Once upon a time this place was my Disneyland. It was full of candy and hand trucks to ride, and some of the greatest characters of my happy childhood’s movie. I can still hear the sound of my daddy’s key in the lock and smell the can of Pledge behind the checkout counter. I can hear the loud hum of the back room and taste the chocolate-covered peanuts and peanut brittle that no other Christmas candy will ever beat. I can see the line of customers at the meat counter and I can feel immediately and fully right at home if I let my mind settle back there.

I got off the school bus right there at the front. Every day without fail (at least the way my memory tells it) my Pop was standing in the window waiting with a smile. He’d opened that store in 1954, and saved a special seat for me and my glass-bottle Coke to take a break and have a snack in his office after school. Good grief, what I wouldn’t give to share a Coke with him now.

I spent afternoons straightening the stock on the shelves until I was old enough to carry a box cutter of my own in my back pocket. I learned to keep all the bills facing the same direction in the register if you wanted to count change quicker. I loved watching my daddy talk to his customers like they were his friends (because they were), and I loved it even more when the old ladies would ask, “Ain’t you Johnny’s baby? Good Lord girl, you done grown.” My response: beaming.

Today, the locks have changed, the characters have all moved on, and life for us all looks very very different than it did back then. But no matter how many years go by or how many turns we take, the fact is that I’m still Johnny’s Baby, we still belong to J.C., and to me, THIS will always be our place.

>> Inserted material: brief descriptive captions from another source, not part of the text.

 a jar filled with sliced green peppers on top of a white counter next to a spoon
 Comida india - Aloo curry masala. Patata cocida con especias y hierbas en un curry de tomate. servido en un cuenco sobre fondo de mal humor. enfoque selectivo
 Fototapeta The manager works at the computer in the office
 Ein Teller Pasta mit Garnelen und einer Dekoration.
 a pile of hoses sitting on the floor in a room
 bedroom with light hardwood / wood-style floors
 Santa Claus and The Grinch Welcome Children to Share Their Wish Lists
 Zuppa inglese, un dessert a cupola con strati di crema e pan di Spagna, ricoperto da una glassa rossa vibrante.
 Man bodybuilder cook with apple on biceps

Somewhere along the way I thought I outgrew that little store, that little town, that little life. So often these days I feel like I’ve lost the little girl with the grocery store feet. Maybe I’ve been wearing high heels too long.

She’s still in there though. She’s the piece of me that knows how to make friendly small talk with a perfect stranger. She’s the one who knows that everybody (from the town drunk to the town mayor) buys toilet paper. She knows that hard work is made for more than money, and that when you add a little kindness and a few good folks to it, it doesn’t feel like work anyway. She knows what it means to build something and keep at it until it becomes a part of you. She’s also the piece that understands that it’s okay to turn the page. Just because a chapter ends, that doesn’t mean it can’t always be one of your favorite parts of the story.

Flip-flop feet don’t quite count, but close enough.

Though it might be another decade before I go back in, driving by that store these days makes me smile. I smile because I know there’s such beauty in turning the page.

Just last weekend I got to hang out for a while in another place that felt right at home, just two hours east of that old Disneyland. My daddy has the keys, my Pop’s picture is on the wall, and the two little girls I love the most in this world learned a little bit about straightening stock on the shelves. Eventually I pray they’ll get the time and the chance to learn the other lessons too, if they’re lucky, with grocery store feet and all.